Первый двор небольшой, как прихожая, а во втором обнаружилась экспозиция в виде трех дальнобойных грузовиков, с длинными прямоугольными корпусами. Двери этих контейнеров были распахнуты, а внутри они выкрашены в желтый, синий и красный цвета. Каждый из них был изнутри покрашен в свой цвет. Это было хорошо, потому что внутри них, во-первых, сухо, а дождь все льет. Вдобавок они ярко-цветные, а весь день серый, да еще и сам Музейный квартал серого и бежевого цветов.

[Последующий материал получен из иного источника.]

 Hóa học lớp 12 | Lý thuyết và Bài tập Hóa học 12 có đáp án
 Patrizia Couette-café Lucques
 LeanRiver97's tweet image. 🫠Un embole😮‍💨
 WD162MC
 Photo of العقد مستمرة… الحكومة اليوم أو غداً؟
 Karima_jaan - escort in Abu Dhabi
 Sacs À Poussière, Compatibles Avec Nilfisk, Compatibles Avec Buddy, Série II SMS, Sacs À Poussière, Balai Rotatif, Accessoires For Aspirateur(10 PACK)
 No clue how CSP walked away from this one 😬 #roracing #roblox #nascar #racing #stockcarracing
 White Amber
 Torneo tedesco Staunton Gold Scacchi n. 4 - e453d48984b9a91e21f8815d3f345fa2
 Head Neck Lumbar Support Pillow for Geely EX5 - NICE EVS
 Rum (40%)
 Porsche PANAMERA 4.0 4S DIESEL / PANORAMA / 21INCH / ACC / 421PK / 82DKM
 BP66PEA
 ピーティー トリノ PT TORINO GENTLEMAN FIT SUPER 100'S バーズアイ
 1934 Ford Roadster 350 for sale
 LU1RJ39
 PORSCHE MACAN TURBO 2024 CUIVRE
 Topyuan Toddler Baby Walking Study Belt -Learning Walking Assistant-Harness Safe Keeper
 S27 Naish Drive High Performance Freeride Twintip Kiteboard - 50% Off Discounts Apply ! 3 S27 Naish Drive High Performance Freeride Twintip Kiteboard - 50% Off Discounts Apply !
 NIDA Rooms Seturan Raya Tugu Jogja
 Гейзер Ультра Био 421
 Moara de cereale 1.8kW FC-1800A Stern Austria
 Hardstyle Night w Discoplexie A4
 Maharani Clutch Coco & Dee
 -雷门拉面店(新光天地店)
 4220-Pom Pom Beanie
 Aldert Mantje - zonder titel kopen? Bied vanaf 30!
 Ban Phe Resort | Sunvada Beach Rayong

Простуда все еще крутила голову, выпил кофе в кантине. Расписание выставок я заранее не смотрел, гляжу на плакаты. На том здании, которое конюшни, а теперь – Электрическая галерея, висит растяжка с надписью типа «Да здравствует город!». В самой Электрогалерее сложены всякие видео– и компьютерные арты. Все примерно одинаковые, но веселые.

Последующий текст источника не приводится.